Een loofklapper is een stevig gebouwde machine, waarmee het mogelijk is het loof van de aardappelen te verwijderen met behulp van een snel ronddraaiende as met klepels. Het loof wordt hierbij verbrijzeld en over het gewas verspreid. Er bestaan meerdere uitvoeringen. De meest gangbare loofklapper is een tweerijige machine met een werkbreedte van ongeveer 1,35 m, fig. 1. De machine wordt getrokken en aangedreven door een trekker. Ze wordt gedragen door twee luchtbanden die in de geulen tussen de rijen lopen.
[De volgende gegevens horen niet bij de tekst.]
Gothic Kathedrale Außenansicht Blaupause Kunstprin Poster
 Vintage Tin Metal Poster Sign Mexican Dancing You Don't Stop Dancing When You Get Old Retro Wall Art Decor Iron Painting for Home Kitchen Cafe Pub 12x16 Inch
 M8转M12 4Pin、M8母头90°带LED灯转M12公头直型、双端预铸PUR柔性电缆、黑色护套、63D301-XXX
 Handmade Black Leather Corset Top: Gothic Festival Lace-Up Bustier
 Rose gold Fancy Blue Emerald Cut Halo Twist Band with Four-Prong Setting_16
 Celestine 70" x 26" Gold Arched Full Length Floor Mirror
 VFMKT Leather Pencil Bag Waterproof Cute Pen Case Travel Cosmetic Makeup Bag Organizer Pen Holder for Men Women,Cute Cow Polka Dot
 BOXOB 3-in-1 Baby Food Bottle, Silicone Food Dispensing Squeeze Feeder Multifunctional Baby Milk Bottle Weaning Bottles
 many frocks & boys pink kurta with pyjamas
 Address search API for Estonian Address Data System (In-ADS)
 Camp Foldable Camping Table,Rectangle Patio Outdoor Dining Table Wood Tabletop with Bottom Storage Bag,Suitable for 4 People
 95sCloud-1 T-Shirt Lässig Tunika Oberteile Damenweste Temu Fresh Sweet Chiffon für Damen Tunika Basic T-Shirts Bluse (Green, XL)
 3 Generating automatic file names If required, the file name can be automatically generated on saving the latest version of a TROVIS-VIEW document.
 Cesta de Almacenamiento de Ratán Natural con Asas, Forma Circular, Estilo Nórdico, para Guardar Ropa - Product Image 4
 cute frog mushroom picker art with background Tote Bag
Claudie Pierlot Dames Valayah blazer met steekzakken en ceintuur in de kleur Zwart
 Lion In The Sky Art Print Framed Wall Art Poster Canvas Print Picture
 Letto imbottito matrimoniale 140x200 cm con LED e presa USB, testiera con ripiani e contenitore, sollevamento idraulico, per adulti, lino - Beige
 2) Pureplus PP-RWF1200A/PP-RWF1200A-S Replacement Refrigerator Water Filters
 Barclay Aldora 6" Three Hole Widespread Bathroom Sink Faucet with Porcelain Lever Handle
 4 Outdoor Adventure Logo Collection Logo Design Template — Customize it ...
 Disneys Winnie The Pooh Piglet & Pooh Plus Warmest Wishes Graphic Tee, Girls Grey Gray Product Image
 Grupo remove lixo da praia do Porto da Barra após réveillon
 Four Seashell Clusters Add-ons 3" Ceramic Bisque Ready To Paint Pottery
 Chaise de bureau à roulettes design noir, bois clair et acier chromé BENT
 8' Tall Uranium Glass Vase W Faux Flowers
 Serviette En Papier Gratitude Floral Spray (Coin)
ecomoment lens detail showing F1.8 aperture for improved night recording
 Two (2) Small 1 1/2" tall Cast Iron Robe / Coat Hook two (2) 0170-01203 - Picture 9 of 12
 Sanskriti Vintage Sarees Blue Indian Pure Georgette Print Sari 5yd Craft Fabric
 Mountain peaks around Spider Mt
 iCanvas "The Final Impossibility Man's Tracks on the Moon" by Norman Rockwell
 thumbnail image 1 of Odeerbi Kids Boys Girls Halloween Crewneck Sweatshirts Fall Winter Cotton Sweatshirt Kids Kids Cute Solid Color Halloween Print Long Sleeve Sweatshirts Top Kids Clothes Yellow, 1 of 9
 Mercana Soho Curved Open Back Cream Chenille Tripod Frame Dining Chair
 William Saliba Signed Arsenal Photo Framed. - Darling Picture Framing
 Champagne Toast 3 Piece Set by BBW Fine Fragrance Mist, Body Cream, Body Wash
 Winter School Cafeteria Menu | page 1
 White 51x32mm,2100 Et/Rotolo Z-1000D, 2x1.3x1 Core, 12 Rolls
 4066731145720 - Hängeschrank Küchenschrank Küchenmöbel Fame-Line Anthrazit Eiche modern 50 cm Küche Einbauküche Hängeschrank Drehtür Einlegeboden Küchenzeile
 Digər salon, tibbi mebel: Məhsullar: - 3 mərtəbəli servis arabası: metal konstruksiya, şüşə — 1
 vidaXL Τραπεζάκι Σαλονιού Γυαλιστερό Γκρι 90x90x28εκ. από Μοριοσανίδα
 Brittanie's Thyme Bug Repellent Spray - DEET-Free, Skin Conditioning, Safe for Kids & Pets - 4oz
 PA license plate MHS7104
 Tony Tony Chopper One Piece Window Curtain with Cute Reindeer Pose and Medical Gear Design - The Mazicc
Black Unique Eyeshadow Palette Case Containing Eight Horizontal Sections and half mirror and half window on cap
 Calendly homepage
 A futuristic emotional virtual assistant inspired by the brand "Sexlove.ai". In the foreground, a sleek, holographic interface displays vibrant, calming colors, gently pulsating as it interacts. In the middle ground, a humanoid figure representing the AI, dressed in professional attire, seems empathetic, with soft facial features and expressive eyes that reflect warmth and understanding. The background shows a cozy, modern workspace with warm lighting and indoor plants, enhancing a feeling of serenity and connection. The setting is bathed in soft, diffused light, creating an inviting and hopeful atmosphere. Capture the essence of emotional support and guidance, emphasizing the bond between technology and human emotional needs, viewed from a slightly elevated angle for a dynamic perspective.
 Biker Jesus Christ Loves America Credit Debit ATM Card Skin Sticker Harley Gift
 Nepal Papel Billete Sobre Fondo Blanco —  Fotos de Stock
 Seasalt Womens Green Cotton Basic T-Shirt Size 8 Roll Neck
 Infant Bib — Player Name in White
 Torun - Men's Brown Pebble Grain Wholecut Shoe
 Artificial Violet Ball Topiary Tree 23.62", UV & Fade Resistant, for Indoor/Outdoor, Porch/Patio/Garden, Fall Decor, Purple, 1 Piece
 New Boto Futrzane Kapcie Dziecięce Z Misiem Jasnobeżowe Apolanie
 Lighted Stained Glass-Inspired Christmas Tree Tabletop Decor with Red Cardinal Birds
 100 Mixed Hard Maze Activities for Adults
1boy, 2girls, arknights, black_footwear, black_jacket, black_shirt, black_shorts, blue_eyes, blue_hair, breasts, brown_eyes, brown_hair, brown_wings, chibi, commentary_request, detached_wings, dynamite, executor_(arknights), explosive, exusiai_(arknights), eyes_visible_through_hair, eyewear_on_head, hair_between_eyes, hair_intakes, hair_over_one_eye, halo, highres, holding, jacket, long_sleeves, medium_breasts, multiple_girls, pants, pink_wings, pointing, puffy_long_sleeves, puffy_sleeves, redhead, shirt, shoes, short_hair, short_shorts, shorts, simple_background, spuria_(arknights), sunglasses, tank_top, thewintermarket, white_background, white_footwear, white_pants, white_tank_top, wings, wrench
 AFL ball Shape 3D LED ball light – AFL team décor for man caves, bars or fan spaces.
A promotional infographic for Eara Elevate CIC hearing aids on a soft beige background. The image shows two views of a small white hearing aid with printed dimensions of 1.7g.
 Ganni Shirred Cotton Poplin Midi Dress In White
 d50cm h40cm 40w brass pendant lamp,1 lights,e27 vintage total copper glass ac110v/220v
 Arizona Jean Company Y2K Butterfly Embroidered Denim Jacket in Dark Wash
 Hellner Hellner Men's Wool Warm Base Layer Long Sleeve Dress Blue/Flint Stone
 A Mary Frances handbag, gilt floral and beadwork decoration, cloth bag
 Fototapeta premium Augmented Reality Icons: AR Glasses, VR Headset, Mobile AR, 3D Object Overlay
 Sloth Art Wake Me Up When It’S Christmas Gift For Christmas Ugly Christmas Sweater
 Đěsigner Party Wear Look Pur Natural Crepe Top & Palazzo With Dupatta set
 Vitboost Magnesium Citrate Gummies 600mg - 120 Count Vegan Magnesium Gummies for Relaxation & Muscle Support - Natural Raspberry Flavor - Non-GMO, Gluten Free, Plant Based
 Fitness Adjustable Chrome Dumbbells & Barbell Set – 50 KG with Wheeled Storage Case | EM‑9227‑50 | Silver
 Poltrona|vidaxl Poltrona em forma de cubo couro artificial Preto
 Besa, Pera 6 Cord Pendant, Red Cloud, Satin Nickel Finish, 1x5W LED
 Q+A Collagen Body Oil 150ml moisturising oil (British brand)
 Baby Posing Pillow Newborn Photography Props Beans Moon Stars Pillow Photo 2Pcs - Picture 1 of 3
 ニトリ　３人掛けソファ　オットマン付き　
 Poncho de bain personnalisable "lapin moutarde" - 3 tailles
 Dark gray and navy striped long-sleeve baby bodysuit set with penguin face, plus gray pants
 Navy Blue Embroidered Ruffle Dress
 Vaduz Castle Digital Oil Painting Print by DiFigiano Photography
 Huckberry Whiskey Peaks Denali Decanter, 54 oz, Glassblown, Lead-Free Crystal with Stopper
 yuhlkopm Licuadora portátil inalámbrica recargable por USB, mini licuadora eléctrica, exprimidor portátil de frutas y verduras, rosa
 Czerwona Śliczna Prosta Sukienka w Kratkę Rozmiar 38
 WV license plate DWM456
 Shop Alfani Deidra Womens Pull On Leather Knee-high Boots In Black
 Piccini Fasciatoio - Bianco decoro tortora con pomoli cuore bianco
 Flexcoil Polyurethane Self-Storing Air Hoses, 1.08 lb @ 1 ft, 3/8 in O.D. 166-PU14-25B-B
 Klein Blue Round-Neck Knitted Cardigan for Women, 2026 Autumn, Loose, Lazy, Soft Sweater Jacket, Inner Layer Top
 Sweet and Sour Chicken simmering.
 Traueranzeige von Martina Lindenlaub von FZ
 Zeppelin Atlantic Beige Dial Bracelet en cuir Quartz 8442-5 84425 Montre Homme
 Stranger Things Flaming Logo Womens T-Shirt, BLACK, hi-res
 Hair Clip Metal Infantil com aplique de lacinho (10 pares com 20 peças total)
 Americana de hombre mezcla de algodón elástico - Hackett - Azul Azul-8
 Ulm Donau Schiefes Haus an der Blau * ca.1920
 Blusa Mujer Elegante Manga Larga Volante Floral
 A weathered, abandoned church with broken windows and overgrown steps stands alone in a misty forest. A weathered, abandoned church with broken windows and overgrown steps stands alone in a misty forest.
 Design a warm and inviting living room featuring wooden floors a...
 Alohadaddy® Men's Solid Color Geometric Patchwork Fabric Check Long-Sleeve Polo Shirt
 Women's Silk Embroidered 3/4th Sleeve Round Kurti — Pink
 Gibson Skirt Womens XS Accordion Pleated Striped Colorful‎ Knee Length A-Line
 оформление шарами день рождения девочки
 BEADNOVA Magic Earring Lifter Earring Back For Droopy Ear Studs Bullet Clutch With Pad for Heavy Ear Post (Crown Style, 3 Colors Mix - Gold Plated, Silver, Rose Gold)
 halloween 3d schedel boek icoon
De hoogte van deze wielen is instelbaar. In de machine is een zware horizontale as gebouwd. Aan deze as zijn op regelmatige afstanden kettingen of zware rubber of stalen klepels bevestigd. Bij de meeste loofklappers is de lengte van de scharnierend bevestigde klepels aangepast aan het profiel van de aardappelruggen, fig. 2-3.

 

Deze as met klepels draait tijdens het werk snel rond waardoor het loof wordt verbrijzeld. Over de as met de klepels is een beschermkap aangebracht. Er bestaan verder ook nog loofklappers die zijn uitgerust met freesmessen. Nog weer andere hebben freesmessen en kettingen. Een speciaal type loofklapper bestaat uit een horizontale schijf waaraan een tweetal kettingen zijn gemonteerd, fig. 4. Deze schijf wordt dan aangedreven, waardoor de kettingen in een horizontaal vlak snel rond draaien. Soms ook wordt de loofklapper vooraan de trekker bevestigd die de rooimachine trekt. De loofklapper is ook wel aan de rooimachine zelf gemonteerd, waardoor het loof van de volgende rij geklapt wordt. De meeste loofklappers zijn voorzien van loofheffers, die het loof, dat tussen de ruggen hangt onder het bereik van de klepels brengen. In vele gevallen worden tijdens het loofklappen, in dezelfde gang de overblijvende stoppeleinden doodgespoten. Voor goedgekeurd pootgoed kan dit zelfs noodzakelijk zijn. De stengelresten kunnen echter ook met een normale veldspuit worden doodgespoten. Een loofklapper moet nauwkeurig in hoogte kunnen worden afgesteld. Bij een te diepe afstelling zullen de aardappelen boven in de rug beschadigd kunnen worden; bij een te hoge afstelling zal het resultaat onvoldoende zijn. De diepte instelling geschiedt door het steunwiel, door middel van een schroefspil hoger of lager te stellen.